■ TASK STATEMENT:
What you return should be the lines from the first line of the records below through the line holding "Coast Coast Women's", unchanged.

:::::

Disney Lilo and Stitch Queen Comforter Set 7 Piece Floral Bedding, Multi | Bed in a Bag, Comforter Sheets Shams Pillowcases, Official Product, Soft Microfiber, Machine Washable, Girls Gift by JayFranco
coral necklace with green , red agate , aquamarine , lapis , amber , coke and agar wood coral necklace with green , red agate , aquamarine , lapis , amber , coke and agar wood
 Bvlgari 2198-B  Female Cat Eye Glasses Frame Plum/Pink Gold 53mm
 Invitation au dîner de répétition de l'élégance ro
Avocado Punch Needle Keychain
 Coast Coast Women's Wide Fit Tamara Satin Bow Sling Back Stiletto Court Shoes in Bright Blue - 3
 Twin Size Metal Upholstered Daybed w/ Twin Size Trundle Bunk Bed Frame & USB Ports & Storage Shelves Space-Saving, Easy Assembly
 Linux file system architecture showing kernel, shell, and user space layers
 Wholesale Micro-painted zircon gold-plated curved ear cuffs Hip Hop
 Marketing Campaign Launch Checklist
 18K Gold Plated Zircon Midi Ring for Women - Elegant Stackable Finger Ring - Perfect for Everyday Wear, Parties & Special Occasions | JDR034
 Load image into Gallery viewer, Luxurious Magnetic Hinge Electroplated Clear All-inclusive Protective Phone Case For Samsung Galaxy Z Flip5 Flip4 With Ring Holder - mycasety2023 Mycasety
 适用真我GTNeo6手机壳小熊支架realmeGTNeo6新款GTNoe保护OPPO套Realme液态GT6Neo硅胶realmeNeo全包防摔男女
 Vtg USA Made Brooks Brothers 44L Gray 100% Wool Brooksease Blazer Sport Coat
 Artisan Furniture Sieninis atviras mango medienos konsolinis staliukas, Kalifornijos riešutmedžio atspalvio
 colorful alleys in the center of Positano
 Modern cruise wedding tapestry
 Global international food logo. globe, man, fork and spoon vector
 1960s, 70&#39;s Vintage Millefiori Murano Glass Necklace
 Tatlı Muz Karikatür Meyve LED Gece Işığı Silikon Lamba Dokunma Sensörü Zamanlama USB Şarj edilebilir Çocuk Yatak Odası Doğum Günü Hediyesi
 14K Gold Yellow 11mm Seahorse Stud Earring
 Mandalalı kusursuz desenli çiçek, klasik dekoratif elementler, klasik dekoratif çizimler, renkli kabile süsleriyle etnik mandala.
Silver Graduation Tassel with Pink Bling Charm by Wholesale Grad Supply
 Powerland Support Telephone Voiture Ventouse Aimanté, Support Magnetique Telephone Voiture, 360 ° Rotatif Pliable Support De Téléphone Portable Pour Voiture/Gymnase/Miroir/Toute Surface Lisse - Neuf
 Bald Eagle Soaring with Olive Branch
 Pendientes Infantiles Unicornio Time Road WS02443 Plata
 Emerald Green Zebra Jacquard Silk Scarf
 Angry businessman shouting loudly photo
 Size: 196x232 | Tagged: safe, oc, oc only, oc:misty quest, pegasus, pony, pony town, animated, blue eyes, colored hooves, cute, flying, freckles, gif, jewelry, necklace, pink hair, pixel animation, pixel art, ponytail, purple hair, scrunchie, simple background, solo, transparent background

:::::

■ EXERCISE RESPONSE:
Disney Lilo and Stitch Queen Comforter Set 7 Piece Floral Bedding, Multi | Bed in a Bag, Comforter Sheets Shams Pillowcases, Official Product, Soft Microfiber, Machine Washable, Girls Gift by JayFranco
coral necklace with green , red agate , aquamarine , lapis , amber , coke and agar wood coral necklace with green , red agate , aquamarine , lapis , amber , coke and agar wood
 Bvlgari 2198-B  Female Cat Eye Glasses Frame Plum/Pink Gold 53mm
 Invitation au dîner de répétition de l'élégance ro
Avocado Punch Needle Keychain
 Coast Coast Women's Wide Fit Tamara Satin Bow Sling Back Stiletto Court Shoes in Bright Blue - 3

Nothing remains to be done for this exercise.